Monday saw us at popular little Audlem by mid morning ………
………. and it was fairly quiet for once.
Ascending the fifteen locks out of Audlem was a bit slow with about six boats all going the same way and meeting only two coming down. However, with the boat crews before and after us all helping each other we had a pleasant time. This lovely old barrel-roofed workshop next to lock 10 was used by the workers during the days when the flight was (pro-actively) maintained!
There was time for James to leave the tiller for 3 minutes and pick a bowl of Damsons as they hung thick on the tree.
Peering through bridge 77 we could see locks 6,5,& 4 ahead of us before bridge 76 in the distance.
The penultimate lock in the flight and where else could you find this wonderful sight – picnickers having lunch next to a lock with a narrow boat entering and a tired, but still smiling, Doug resting against the gate beam. Like an illustration out of an Enid Blyton book!

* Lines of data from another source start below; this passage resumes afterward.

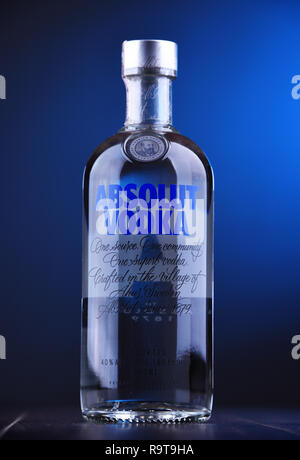 POZNAN, POL - 29.November 2018: Flasche Absolut Wodka, eine Marke von Wodka in Schweden produziert. Der französische Konzern Pernod Ricard gehört es zu den größten Stockfoto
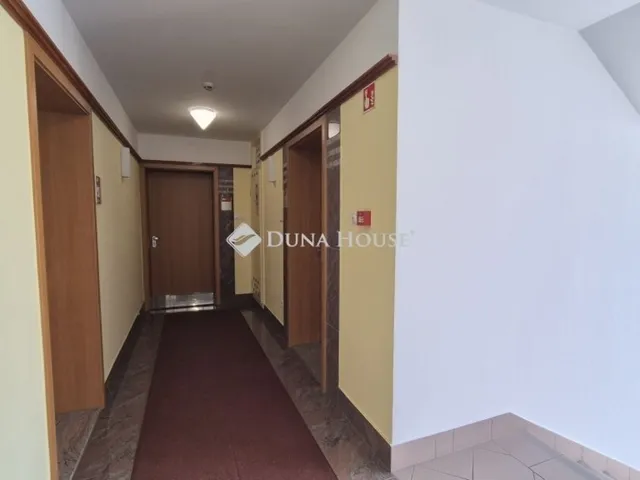 Kiadó lakás Kecskemét, Belváros 180 nm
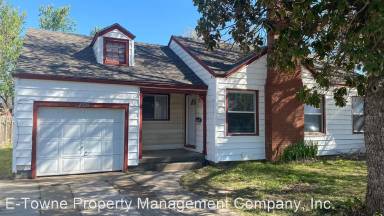 Main picture of 2226 W Randolph Ave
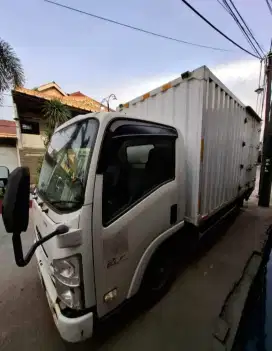 Dijual cepat truk bekas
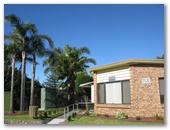 Lake Windemere Caravan and Manufactured Home Park - Warilla: Reception and office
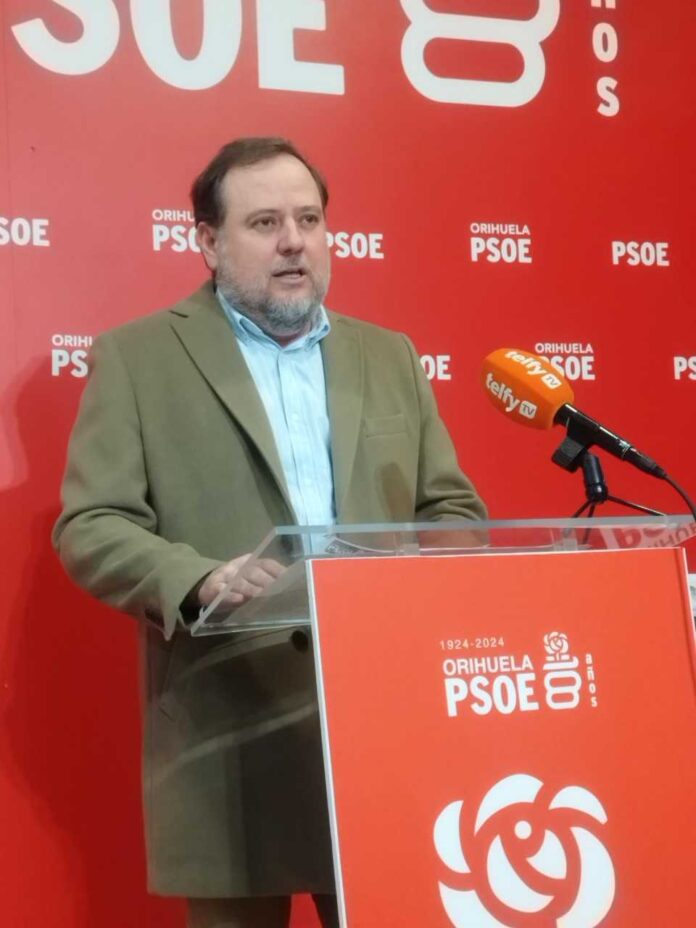 Socialist councillor Luis Quesada has condemned the move, stating that his party will submit a motion at the next plenary council meeting to formally oppose the proposal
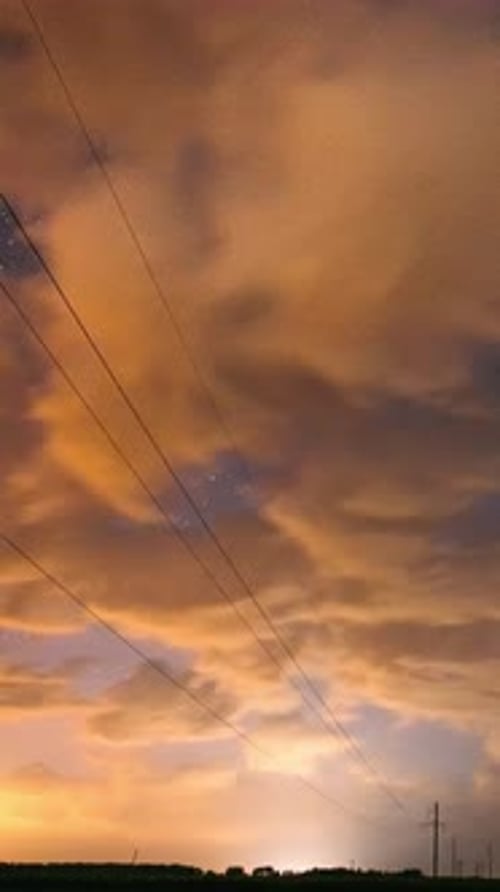 Vertikale Aufnahme Vertikaler Sonnenuntergang, Übergang zum dunklen nächtlichen Sternenhimmel mit leuchtenden Sternen und
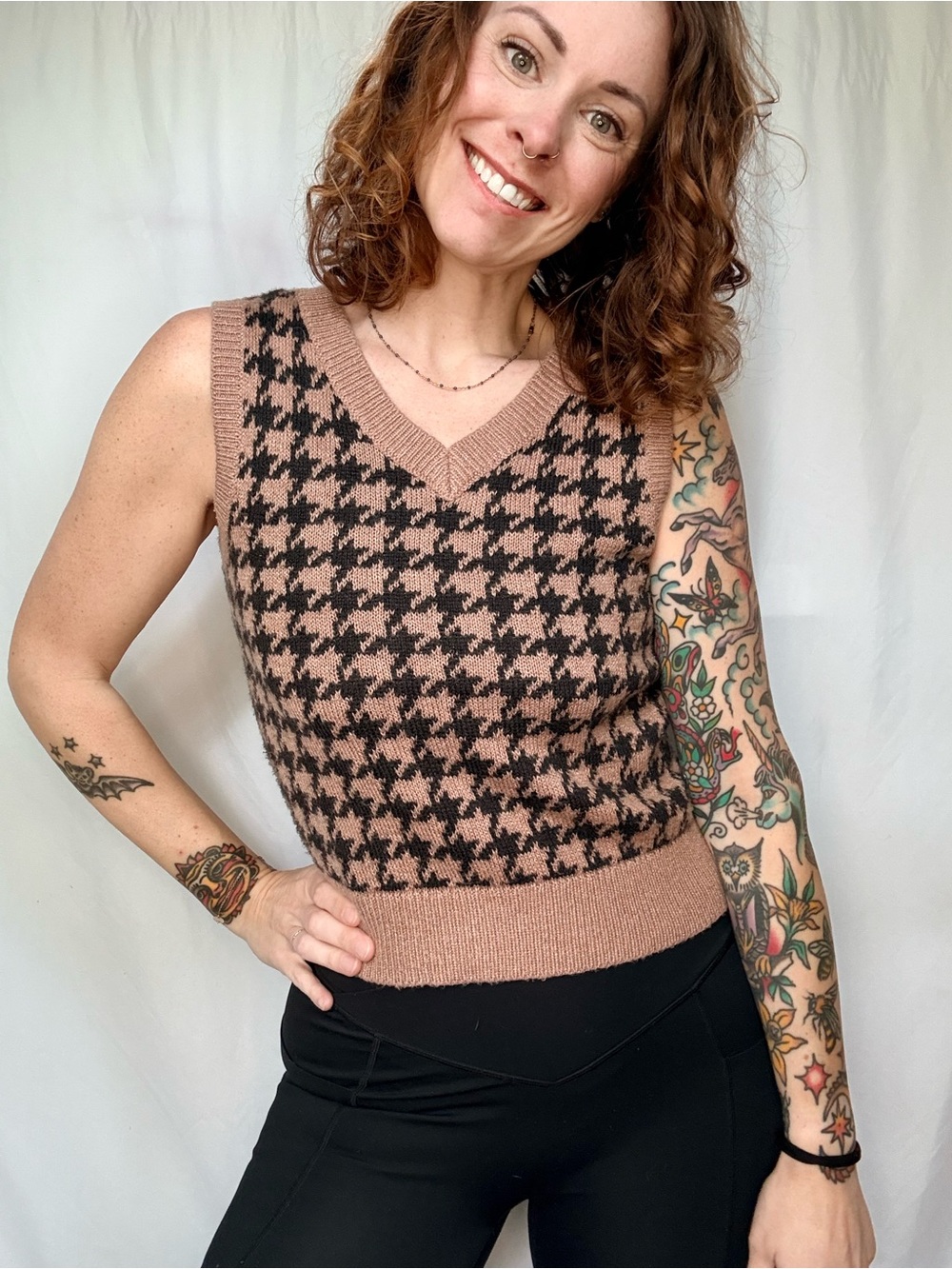 Sleeveless Houndstooth Knit Vest - Camel/Black - Picture 1 of 4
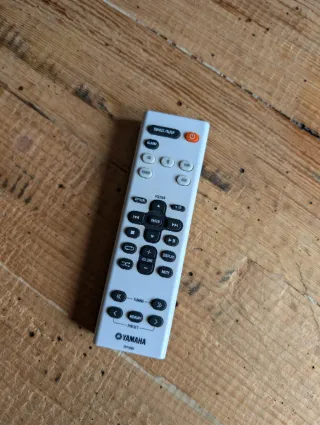 Yamaha MCR-B043 Beige/Negro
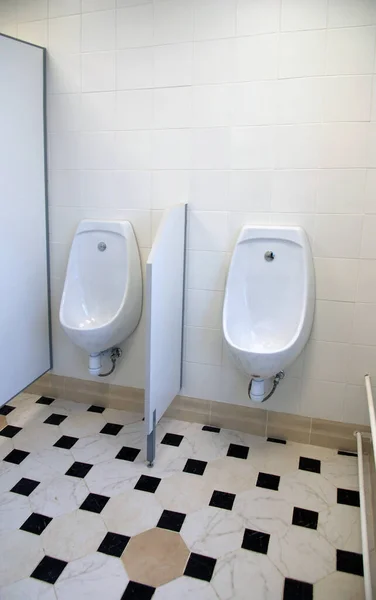 公衆トイレに白いトイレ — ストック写真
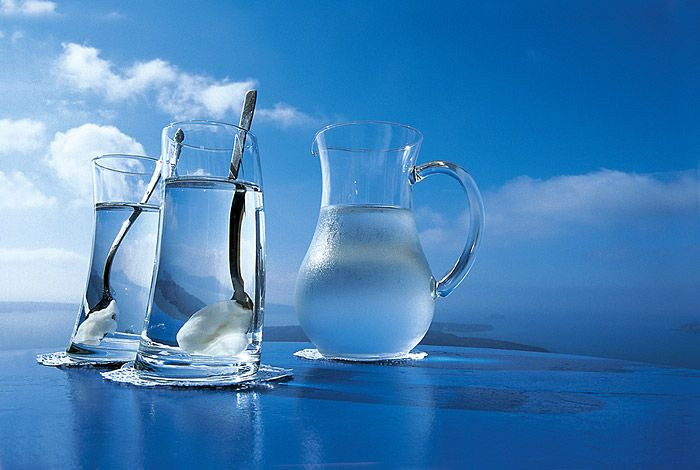 Cho muỗng vào ly nước lạnh trước khi mát-xa. me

After skipping up the 5 locks of the Adderley flight (which, surprise, surprise James did!) we arrived and departed Market Drayton without our usual shopping stop and headed out towards the charming flight of locks at Tyrley.
Pretty to say the least, the approach to the Tyrley flight (pronounced ‘Turley’) is cut out of solid sandstone …….
………. and the canal bottom is also solid sandstone and very uneven! The risk of grounding or scraping the base of the boat is very real as we found out.
Just a couple more pics ………
……. of this very pretty ascent …………
…….. to the top lock and then 17 lock-free miles ahead. We had risen 154 feet and worked 25 locks – we slept well that night!
Leaving our mooring at bridge 47 on Monday morning we traversed the huge Shebdon Embankment and into the Grub Street Cutting which, in places, is 80 feet deep. This is a well worn photo of the strange bridge 39 which carries the A 519 across the canal.
Past Norbury Junction and on through Gnosall Heath (where some wag has doctored a sign to read “_no_ all”!) where the only tunnel on the Shropshire Union canal – the 80 yard long Cowley Tunnel ………
………. is hewn from solid rock and totally unlined.
After stopping at Wheaton Aston for fuel top up (55p / litre), and a free pump out as someone had left the machine on pause(!) and then to take on water we carried on through the fabulous Lapley Wood Cutting ………..
…….then over the elegant Stretton Aqueduct which carried us over the old Roman Road of Watling Street (now the A5).
It was afternoon of unusual boats as we passed this little beauty “Cutter” …..
……. and this one - “Elizabeth” ……………
……. and this tiny little “scale” narrow boat (compare it with the van!).
Some of the boats at Brewood, on the private moorings, are “low mileage” examples!
The fabulous “old England” view of Brewood as we headed for our mooring at bridge 8 is just one of the best there is.